In the first simulation, we fix the signal-to-noise ratio (SNR) at 6 dB and determine how the capacity performances of the various algorithms are affected by the different number of searches 𝒮. Here, the number of searches for GA and CE consists of the population size multiplied by the maximum number of iterations. The simulation results are shown in Figure 2, in which the population sizes for the CE and GA are 𝑁CE=𝑁GA=840. The average capacity is evaluated over 10,000 independent trials. As expected, the average capacity increases when the number of iterations increases. It can be seen that the convergence speed of CE is low at the initial stage (i.e., when the total number of searches 𝒮 is small) because we do not have enough elite samples to produce better samples in the next iteration. Consequently, CE performs slightly worse than GA with a lower value of the total number of searches. After this initial stage, the proposed algorithm is superior to the GA and random search methods under the same number of searches. When the number of searches reaches approximately 16,800, the average capacity value is not improved further, and CE and GA converge to a reasonable solution. Therefore, the aforementioned three methods are realized with 𝒮=16,800 searches in the conducted simulations.

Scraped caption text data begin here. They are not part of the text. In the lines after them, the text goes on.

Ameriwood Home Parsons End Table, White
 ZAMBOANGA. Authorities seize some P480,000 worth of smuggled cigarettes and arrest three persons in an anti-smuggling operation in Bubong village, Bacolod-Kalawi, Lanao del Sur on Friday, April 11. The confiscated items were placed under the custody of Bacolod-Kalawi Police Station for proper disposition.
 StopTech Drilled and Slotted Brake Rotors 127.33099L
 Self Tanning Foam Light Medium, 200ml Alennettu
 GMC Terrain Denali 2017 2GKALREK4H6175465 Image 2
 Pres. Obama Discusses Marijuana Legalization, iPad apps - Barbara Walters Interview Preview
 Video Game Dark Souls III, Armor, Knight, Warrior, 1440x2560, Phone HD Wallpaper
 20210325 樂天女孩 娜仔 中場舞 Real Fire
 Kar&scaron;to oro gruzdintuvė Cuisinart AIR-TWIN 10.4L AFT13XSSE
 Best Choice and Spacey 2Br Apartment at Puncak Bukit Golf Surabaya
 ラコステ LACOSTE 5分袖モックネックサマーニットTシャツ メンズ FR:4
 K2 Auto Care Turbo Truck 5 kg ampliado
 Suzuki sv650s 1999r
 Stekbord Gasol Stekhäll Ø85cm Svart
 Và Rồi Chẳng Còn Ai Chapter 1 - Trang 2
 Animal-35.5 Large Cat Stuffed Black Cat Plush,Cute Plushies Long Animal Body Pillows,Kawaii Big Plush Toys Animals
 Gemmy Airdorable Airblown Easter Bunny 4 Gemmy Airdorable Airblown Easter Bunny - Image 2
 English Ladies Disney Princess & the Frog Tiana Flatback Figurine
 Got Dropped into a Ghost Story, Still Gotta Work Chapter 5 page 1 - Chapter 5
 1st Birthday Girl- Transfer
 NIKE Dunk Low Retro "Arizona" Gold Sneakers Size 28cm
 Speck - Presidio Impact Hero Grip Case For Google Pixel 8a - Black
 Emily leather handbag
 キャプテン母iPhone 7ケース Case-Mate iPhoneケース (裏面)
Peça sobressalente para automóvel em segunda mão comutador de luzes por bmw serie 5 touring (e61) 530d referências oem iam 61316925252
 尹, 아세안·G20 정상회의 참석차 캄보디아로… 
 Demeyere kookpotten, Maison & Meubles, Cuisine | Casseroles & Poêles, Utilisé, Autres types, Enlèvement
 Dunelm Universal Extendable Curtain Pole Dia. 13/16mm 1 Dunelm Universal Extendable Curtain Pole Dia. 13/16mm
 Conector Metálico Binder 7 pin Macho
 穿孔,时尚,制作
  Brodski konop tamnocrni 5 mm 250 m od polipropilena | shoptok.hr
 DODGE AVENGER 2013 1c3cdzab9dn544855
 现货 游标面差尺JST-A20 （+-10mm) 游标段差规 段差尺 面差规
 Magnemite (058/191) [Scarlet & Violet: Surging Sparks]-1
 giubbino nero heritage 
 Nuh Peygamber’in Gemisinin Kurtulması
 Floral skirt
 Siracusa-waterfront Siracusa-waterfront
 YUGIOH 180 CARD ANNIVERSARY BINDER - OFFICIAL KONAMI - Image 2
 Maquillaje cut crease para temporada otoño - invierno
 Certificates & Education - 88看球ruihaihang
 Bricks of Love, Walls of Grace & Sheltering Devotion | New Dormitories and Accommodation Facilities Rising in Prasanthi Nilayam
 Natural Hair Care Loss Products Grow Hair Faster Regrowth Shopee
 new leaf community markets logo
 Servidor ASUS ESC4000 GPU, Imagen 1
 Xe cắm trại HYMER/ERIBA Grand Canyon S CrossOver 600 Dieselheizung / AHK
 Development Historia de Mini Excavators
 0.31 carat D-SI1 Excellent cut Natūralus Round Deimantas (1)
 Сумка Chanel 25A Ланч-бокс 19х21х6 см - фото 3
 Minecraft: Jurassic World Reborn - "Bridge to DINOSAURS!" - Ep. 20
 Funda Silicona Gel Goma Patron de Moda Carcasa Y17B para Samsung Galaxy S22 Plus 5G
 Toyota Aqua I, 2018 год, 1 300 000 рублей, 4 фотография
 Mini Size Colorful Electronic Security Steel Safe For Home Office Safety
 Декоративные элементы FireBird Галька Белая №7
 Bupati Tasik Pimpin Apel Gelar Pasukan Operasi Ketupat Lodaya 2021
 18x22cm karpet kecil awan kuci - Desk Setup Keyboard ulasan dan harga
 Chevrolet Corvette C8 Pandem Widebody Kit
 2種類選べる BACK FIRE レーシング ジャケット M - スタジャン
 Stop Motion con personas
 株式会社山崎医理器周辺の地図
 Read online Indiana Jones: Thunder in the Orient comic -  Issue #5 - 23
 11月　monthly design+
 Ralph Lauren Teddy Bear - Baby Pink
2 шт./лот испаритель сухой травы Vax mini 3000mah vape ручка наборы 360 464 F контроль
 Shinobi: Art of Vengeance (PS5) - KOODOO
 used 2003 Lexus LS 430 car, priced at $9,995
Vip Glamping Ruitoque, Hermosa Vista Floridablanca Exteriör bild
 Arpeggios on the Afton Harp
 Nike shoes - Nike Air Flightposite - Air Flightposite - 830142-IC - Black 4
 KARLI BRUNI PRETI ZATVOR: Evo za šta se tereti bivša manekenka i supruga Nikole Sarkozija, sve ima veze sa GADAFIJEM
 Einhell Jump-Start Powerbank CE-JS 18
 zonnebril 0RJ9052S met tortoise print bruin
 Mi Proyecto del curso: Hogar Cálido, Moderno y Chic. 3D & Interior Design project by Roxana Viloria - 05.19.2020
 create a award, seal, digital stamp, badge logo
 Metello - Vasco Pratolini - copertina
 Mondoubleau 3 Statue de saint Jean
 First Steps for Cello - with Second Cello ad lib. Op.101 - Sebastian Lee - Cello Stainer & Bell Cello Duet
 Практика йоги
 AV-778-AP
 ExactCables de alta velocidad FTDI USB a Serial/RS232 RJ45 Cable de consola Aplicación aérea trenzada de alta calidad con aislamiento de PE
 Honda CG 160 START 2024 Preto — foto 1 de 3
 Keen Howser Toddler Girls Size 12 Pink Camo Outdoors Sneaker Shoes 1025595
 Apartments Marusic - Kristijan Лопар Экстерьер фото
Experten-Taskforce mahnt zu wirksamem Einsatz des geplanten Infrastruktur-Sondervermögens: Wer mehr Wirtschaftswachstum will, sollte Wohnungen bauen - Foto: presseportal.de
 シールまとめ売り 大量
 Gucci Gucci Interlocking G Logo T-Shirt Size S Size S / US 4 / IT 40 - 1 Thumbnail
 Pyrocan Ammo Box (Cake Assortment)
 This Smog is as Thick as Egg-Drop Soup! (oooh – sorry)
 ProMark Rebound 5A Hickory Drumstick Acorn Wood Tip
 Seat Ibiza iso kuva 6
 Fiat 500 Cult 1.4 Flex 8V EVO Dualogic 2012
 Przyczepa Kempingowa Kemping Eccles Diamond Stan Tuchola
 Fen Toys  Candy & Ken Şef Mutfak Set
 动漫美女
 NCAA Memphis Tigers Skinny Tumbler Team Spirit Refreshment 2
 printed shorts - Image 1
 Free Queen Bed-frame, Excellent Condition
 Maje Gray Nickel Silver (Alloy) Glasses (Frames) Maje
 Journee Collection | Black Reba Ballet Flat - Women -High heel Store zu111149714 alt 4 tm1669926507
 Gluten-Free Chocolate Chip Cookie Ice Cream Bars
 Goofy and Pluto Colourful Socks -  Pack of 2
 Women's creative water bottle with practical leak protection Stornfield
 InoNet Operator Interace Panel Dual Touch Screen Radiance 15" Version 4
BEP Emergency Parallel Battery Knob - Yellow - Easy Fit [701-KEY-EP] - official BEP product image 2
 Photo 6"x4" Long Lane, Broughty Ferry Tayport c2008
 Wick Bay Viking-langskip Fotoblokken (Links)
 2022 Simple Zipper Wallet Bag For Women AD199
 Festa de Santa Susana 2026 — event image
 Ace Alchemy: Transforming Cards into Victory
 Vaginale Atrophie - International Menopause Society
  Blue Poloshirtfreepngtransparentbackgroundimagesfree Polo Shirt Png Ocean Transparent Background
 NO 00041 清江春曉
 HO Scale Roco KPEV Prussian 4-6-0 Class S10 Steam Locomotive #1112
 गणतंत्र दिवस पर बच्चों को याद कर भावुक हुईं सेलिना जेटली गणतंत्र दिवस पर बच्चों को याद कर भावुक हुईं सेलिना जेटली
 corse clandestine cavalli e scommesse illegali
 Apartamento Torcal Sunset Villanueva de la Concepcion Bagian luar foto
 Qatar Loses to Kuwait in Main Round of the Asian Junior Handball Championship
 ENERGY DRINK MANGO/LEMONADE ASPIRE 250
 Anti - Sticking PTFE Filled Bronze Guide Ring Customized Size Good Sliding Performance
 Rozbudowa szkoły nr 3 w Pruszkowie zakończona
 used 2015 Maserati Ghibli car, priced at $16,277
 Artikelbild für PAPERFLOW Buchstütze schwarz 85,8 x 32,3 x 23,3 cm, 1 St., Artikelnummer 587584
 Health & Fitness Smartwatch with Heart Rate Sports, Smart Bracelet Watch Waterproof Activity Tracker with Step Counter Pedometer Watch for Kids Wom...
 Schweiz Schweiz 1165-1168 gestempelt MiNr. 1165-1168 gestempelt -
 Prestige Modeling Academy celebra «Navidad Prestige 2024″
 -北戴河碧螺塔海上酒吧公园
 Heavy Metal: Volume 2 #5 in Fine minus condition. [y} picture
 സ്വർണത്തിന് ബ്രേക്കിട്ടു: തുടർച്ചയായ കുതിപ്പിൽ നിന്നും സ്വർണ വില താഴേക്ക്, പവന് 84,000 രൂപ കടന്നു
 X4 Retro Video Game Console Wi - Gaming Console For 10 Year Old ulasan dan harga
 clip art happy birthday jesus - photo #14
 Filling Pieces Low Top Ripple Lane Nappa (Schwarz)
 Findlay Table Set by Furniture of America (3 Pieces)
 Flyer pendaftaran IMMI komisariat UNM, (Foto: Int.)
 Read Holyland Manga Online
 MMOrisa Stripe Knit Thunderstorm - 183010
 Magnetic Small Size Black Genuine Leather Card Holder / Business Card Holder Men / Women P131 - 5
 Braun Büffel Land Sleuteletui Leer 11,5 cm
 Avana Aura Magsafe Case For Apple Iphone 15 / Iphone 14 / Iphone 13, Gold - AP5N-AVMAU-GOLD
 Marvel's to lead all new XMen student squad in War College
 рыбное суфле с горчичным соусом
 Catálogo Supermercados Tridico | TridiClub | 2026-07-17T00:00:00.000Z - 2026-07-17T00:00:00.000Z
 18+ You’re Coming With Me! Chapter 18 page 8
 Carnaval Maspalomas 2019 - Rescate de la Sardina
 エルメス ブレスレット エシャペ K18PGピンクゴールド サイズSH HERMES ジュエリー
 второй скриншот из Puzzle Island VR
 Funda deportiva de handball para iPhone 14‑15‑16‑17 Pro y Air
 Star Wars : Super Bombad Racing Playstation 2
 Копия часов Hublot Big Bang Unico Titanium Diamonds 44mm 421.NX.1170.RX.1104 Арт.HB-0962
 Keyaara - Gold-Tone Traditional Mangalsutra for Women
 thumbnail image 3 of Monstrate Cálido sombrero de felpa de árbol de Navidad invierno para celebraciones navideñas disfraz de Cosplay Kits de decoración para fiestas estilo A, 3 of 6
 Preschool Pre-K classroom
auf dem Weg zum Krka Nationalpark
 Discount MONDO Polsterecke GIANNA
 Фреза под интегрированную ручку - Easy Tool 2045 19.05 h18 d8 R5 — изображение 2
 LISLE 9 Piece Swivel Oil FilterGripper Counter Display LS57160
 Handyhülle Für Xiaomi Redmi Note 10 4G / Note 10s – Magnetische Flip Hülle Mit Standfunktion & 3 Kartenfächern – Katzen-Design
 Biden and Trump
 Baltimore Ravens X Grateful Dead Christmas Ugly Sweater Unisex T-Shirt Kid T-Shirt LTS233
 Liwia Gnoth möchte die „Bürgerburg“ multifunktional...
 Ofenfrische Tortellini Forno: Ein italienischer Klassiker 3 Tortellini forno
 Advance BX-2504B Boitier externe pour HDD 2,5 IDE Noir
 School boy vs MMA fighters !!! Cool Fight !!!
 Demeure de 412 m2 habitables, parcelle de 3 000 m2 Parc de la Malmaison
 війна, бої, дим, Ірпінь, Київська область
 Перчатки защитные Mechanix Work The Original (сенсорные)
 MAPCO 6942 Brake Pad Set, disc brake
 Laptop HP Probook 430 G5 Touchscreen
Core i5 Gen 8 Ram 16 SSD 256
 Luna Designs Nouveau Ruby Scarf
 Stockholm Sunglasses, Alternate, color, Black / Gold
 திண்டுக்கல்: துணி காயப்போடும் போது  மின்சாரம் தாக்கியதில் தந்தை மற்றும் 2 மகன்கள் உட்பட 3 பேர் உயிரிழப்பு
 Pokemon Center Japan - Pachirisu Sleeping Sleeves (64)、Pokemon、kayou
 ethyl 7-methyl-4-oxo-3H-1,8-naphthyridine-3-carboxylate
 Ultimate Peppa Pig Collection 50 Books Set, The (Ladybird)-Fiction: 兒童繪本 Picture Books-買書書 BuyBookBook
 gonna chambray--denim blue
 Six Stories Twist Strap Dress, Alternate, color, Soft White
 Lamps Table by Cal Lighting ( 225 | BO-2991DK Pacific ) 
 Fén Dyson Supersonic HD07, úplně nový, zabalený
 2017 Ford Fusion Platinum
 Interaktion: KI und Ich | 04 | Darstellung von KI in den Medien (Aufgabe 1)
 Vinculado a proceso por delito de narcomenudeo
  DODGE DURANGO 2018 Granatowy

Figures 3 and 4 show the capacity and average BER performances, respectively, of the various algorithms with different SNRs. The following can be observed from the simulation results: (1) both the capacity and average BER performance improve as the SNR increases for all algorithms; (2) the proposed CE method always performs better than the GA and random search methods regardless of the SNR regions; and (3) both the capacity and average BER performance achieved by the optimum ES algorithm are always better than those obtained by the proposed CE method but at the cost of a much larger computational load, where the ES method requires 7,338,240 searches to obtain the optimum solution. A detailed complexity comparison between the CE method and the other algorithms is shown in Table 1.

5. Conclusion

The current paper presents a CE-based scheme that realizes the joint precoding and transmit antenna selection in the downlink of MU-MIMO systems with limited feedback to reduce the interference effectively and lower the required RF chains. With the aid of the CE method, the large amount of search required can be successfully reduced. The simulations demonstrate that the proposed CE method not only provides better capacity performance but also enjoys complexity advantages compared with the conventional GA method.

Acknowledgments

The author wishes to thank the Guest Editor and all the anonymous reviewers for their valuable comments and suggestions for enhancing the readability and technical quality of the paper. The work of J.-C. Chen was supported in part by the National Science Council (NSC) of Taiwan under Grant NSC 100–2221-E-017-006-MY3. The work of C.-P. Li was supported by the Metal Industries Research and Development Centre under Contract no. 100-EC-17-A-01-01-1010.